Your telephone is not an antenna on a cell system. I could have been more explicit by saying "the antenna on a cell system tower", but I assumed most people would know what I was talking about when I referred to plural antennas.
You cell phone is half the connection, and while it is approximately omnidirectional, the antennas at the other, higher power transmitter end, are not.
Maybe the donut is flattened on one axis, but we all know that there aren't tens of thousands of antenna on the tower, each one mounted on independent gimbals, tracking each user.
You missed the critical word "phased". Please refer to here, here, or here for more info. Suffice to say, your hyperbole that one would need tens of thousands of antennas on gimbals to provide directional access to multiple users is quite hilarious.

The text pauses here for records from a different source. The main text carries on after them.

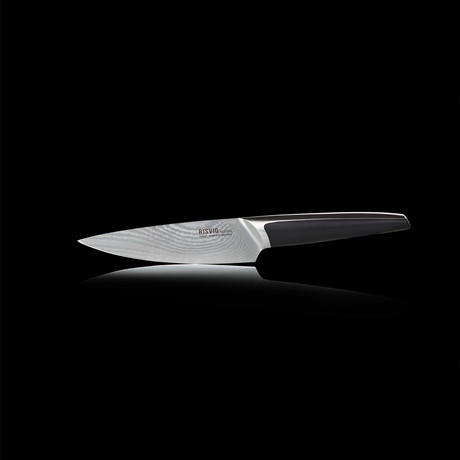 Acutus Small Damascus Chef Knife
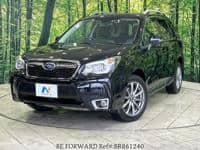 2014 SUBARU FORESTER 2.0XT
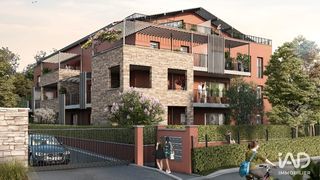  Appartement � vendre 3 pi�ces 63 m�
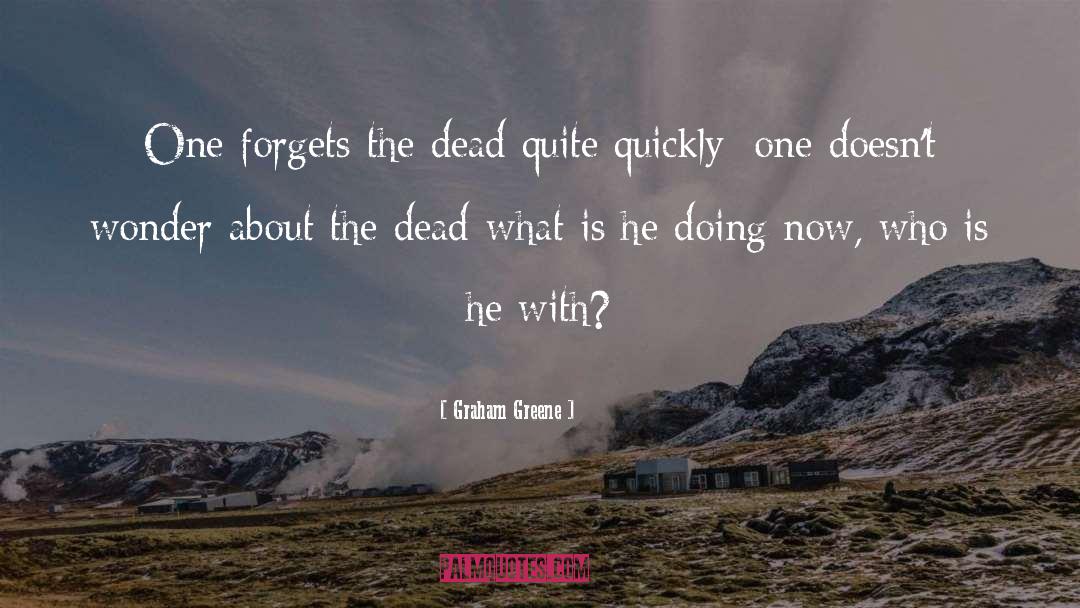 Death Certificate quotes by Graham Greene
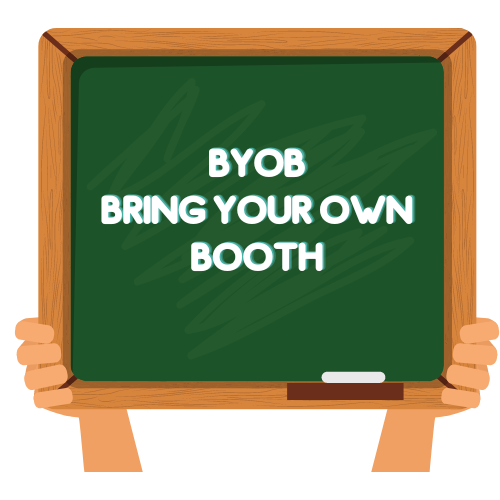 4th Annual Jay Cohen Memorial Golf Tournament Benefiting Charter Schools Now - Default Image of BYOM BRING YOUR OWN MERCH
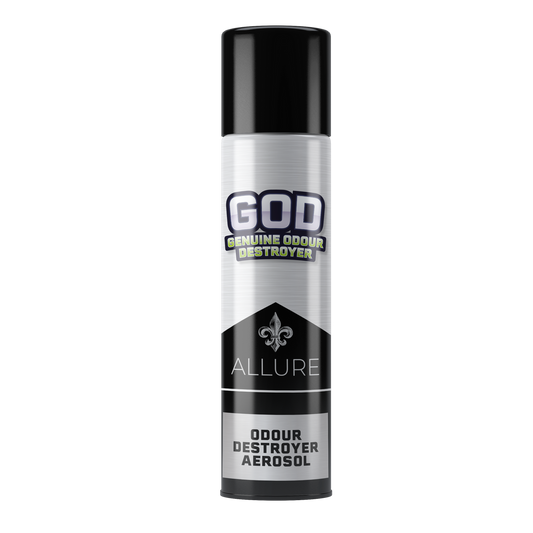 GOD BLAST AEROSOL ALLURE 750ML
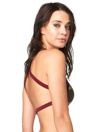 Fox Corbin High Neck Bikini Top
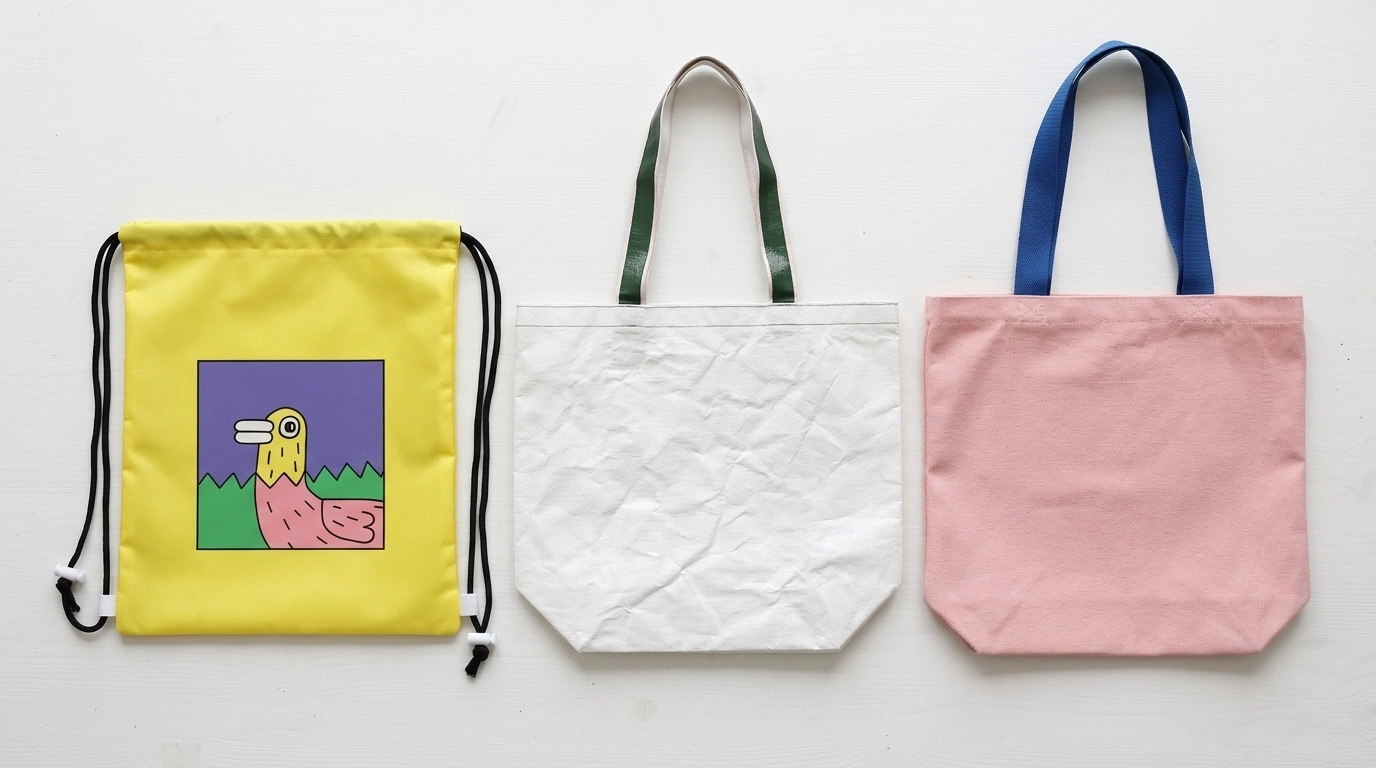 eco friendly goods material
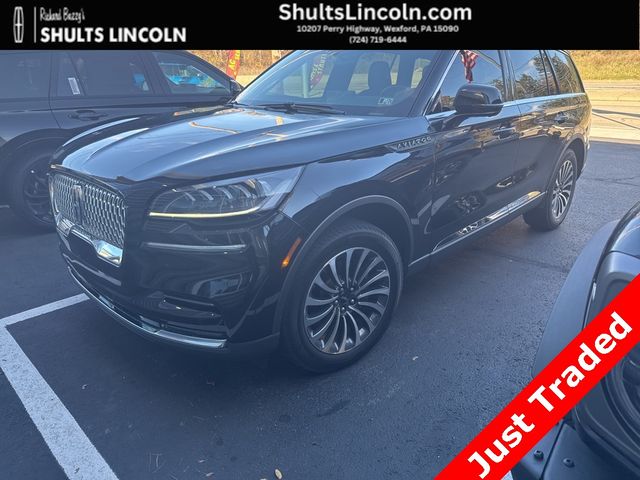 2023 Lincoln Aviator Reserve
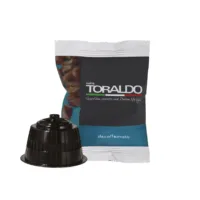 Capsule compatibili Dolce Gusto Caffè Toraldo Decaffeinato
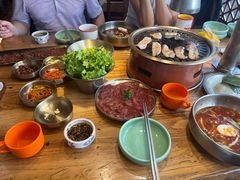 -韩景台烤肉(八大处店)
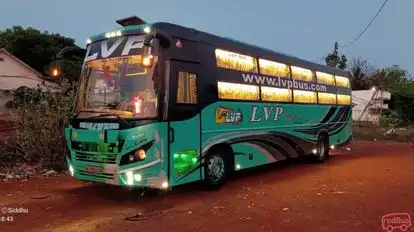 Lakshmi Venkata Prasanna Travels Bus-Side Image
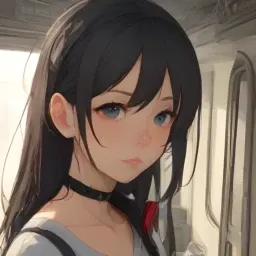 Elegant - Chat with Yochiko - Sextingme AI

Your low powered transmitter on your handheld device is not going to be a source of interference to anyone. First, it's low powered. Second, it transmits on the handset side of the frequencies, so even of you are standing next to another cell phone it won't be received by that phone, which is receiving on the tower frequencies. Third, a major design criterion of the cell system is the reuse of frequencies and the allocation of a specific set to cover a certain area. If a StingRay comes to town, it will use a different set of frequencies. It isn't trying to overpower another cell on the same frequencies, it is using its own set at higher power. The phones preferentially connect to the higher power signal. Why? Because it is more likely they can use lower power to communicate and thus save battery life.